## What the task requires
Set down a word-for-word copy of the data below, limited to the lines from the first through the line with "Composant de bijou".

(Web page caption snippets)
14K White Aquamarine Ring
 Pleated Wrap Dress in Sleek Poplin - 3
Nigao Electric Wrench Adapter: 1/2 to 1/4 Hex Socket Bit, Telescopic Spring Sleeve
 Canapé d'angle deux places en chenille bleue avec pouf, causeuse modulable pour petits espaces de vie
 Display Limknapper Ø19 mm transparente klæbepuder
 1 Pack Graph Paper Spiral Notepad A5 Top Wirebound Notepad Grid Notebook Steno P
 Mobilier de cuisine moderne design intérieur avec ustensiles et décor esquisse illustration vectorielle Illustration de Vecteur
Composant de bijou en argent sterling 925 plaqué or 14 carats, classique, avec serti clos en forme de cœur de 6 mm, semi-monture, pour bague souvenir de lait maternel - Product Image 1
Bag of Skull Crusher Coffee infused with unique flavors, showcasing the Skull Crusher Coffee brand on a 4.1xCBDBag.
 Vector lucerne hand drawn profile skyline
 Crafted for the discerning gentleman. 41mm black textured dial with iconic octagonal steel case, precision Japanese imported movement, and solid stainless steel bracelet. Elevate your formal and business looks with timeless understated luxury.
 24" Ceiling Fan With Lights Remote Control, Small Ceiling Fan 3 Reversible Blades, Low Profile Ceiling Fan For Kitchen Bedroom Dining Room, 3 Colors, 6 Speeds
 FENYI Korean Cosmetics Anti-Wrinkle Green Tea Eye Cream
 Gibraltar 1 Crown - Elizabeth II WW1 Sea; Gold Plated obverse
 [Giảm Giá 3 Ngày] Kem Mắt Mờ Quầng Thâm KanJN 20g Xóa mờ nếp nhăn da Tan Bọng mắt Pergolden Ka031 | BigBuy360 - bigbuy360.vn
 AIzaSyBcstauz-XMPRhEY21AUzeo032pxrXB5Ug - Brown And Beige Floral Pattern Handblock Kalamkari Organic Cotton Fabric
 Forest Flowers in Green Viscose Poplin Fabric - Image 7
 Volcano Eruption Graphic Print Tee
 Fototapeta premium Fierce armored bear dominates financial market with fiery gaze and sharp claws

## Reply to the exercise
14K White Aquamarine Ring
 Pleated Wrap Dress in Sleek Poplin - 3
Nigao Electric Wrench Adapter: 1/2 to 1/4 Hex Socket Bit, Telescopic Spring Sleeve
 Canapé d'angle deux places en chenille bleue avec pouf, causeuse modulable pour petits espaces de vie
 Display Limknapper Ø19 mm transparente klæbepuder
 1 Pack Graph Paper Spiral Notepad A5 Top Wirebound Notepad Grid Notebook Steno P
 Mobilier de cuisine moderne design intérieur avec ustensiles et décor esquisse illustration vectorielle Illustration de Vecteur
Composant de bijou en argent sterling 925 plaqué or 14 carats, classique, avec serti clos en forme de cœur de 6 mm, semi-monture, pour bague souvenir de lait maternel - Product Image 1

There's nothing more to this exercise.